This is going round the internets today and I need some ammo if you will....
Sept. 22 (Bloomberg) -- The financial crisis of the past year has provided a number of surprising twists and turns, and from Bear Stearns Cos. to American International Group Inc., ambiguity has been a big part of the story.
Why did Bear Stearns fail, and how does that relate to AIG? It all seems so complex.
But really, it isn't. Enough cards on this table have been turned over that the story is now clear. The economic history books will describe this episode in simple and understandable terms: Fannie Mae and Freddie Mac exploded, and many bystanders were injured in the blast, some fatally.

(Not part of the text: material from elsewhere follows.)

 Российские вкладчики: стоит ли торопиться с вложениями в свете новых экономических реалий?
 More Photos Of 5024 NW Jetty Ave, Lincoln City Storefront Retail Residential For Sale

Fannie and Freddie did this by becoming a key enabler of the mortgage crisis. They fueled Wall Street's efforts to securitize subprime loans by becoming the primary customer of all AAA-rated subprime-mortgage pools. In addition, they held an enormous portfolio of mortgages themselves.
In the times that Fannie and Freddie couldn't make the market, they became the market. Over the years, it added up to an enormous obligation. As of last June, Fannie alone owned or guaranteed more than $388 billion in high-risk mortgage investments. Their large presence created an environment within which even mortgage-backed securities assembled by others could find a ready home.
The problem was that the trillions of dollars in play were only low-risk investments if real estate prices continued to rise. Once they began to fall, the entire house of cards came down with them.
Turning Point
Take away Fannie and Freddie, or regulate them more wisely, and it's hard to imagine how these highly liquid markets would ever have emerged. This whole mess would never have happened.
It is easy to identify the historical turning point that marked the beginning of the end.
Back in 2005, Fannie and Freddie were, after years of dominating Washington, on the ropes. They were enmeshed in accounting scandals that led to turnover at the top. At one telling moment in late 2004, captured in an article by my American Enterprise Institute colleague Peter Wallison, the Securities and Exchange Comiission's chief accountant told disgraced Fannie Mae chief Franklin Raines that Fannie's position on the relevant accounting issue was not even ``on the page'' of allowable interpretations.
Then legislative momentum emerged for an attempt to create a ``world-class regulator'' that would oversee the pair more like banks, imposing strict requirements on their ability to take excessive risks. Politicians who previously had associated themselves proudly with the two accounting miscreants were less eager to be associated with them. The time was ripe.